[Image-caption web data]
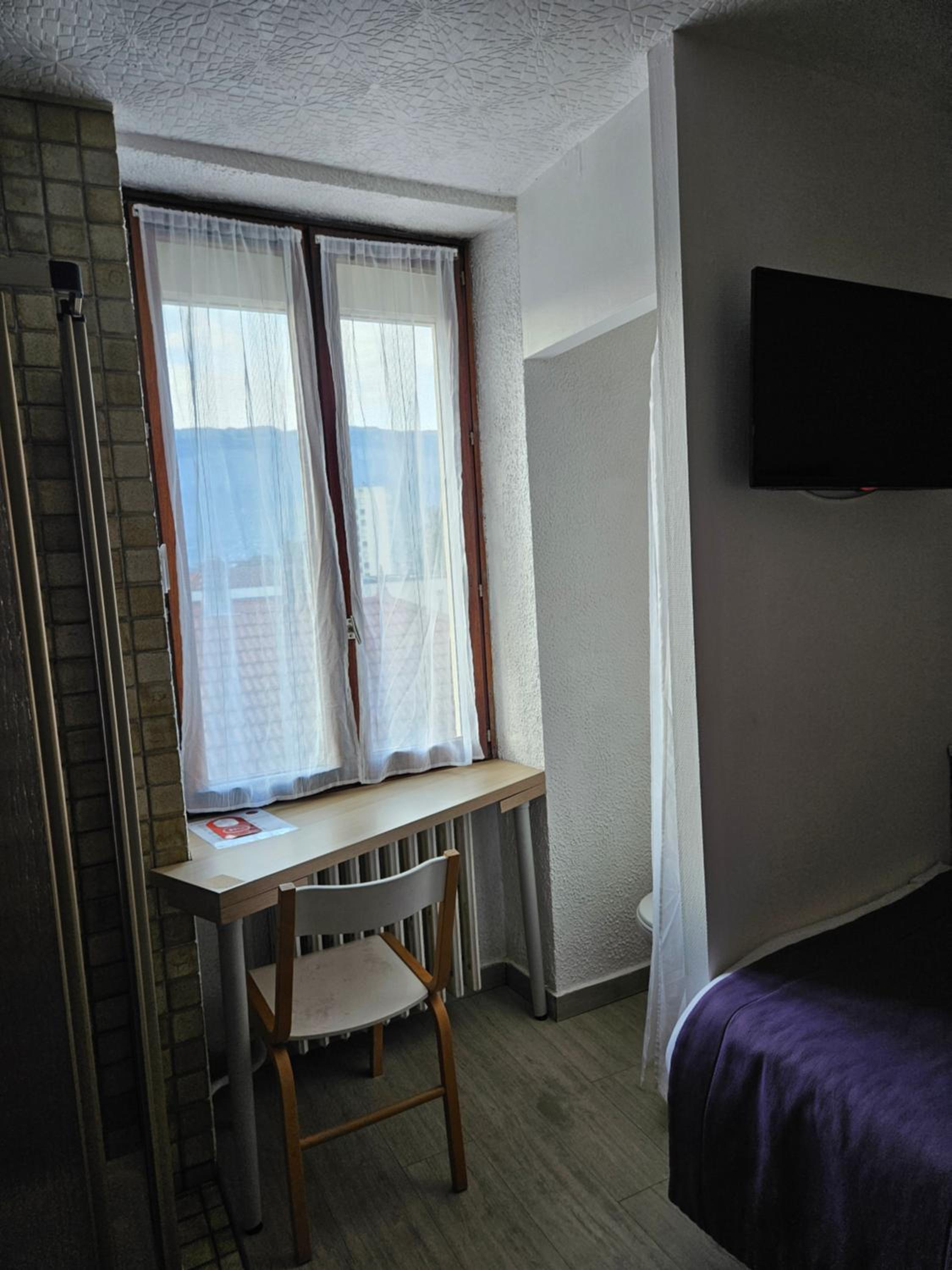 Economy Double Room photo 3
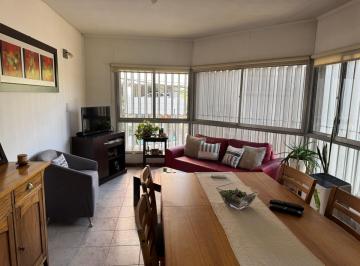 Departamento de 4 ambientes, Neuquén · Vendo Departamento en Pleno Centro de Neuquen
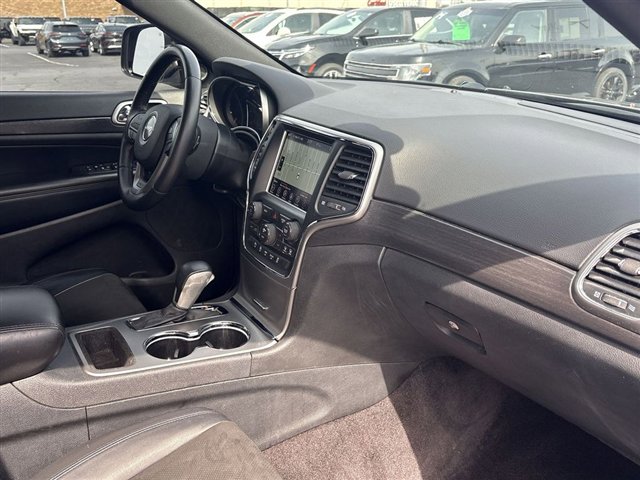 Used 2018 Jeep Grand Cherokee Altitude image 27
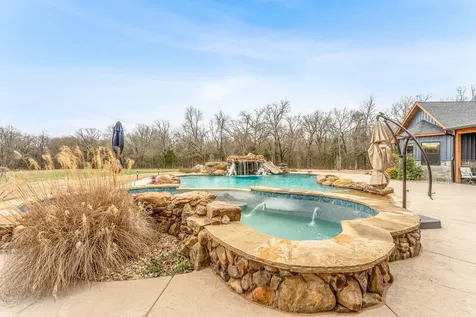 239 32507 Road Paris TX 75460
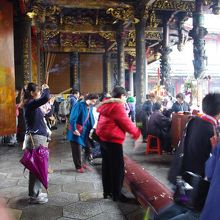 信仰深い台湾の人たちは早朝からお参りに来てるようです。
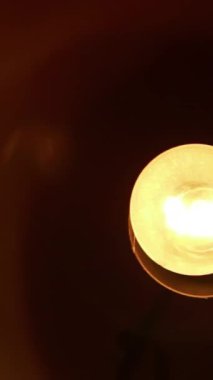 Gölgeli bir figür yavaşça karanlığın derinliklerinden çıkar, derin gizem ve entrika uyandırır. Menkul Kıymetler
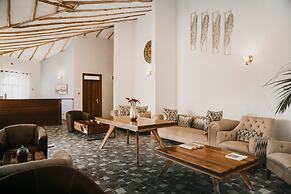 Saab Royale Resort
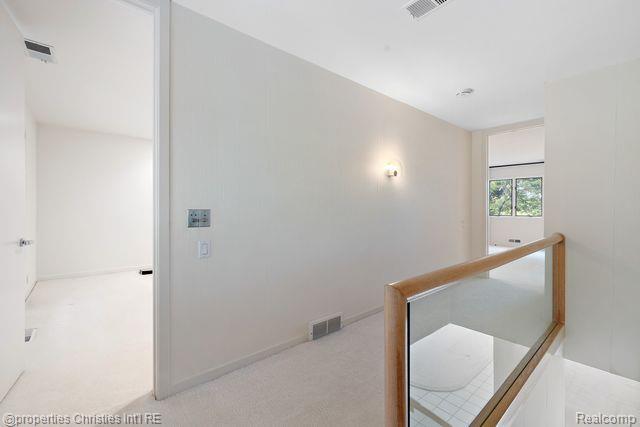 1895 RATHMOR Road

→ **Exercise aim**
Return every entry above word for word, and include no images.

→ **Expected answer**
 Economy Double Room photo 3
 Departamento de 4 ambientes, Neuquén · Vendo Departamento en Pleno Centro de Neuquen
 Used 2018 Jeep Grand Cherokee Altitude image 27
 239 32507 Road Paris TX 75460
 信仰深い台湾の人たちは早朝からお参りに来てるようです。
 Gölgeli bir figür yavaşça karanlığın derinliklerinden çıkar, derin gizem ve entrika uyandırır. Menkul Kıymetler
 Saab Royale Resort
 1895 RATHMOR Road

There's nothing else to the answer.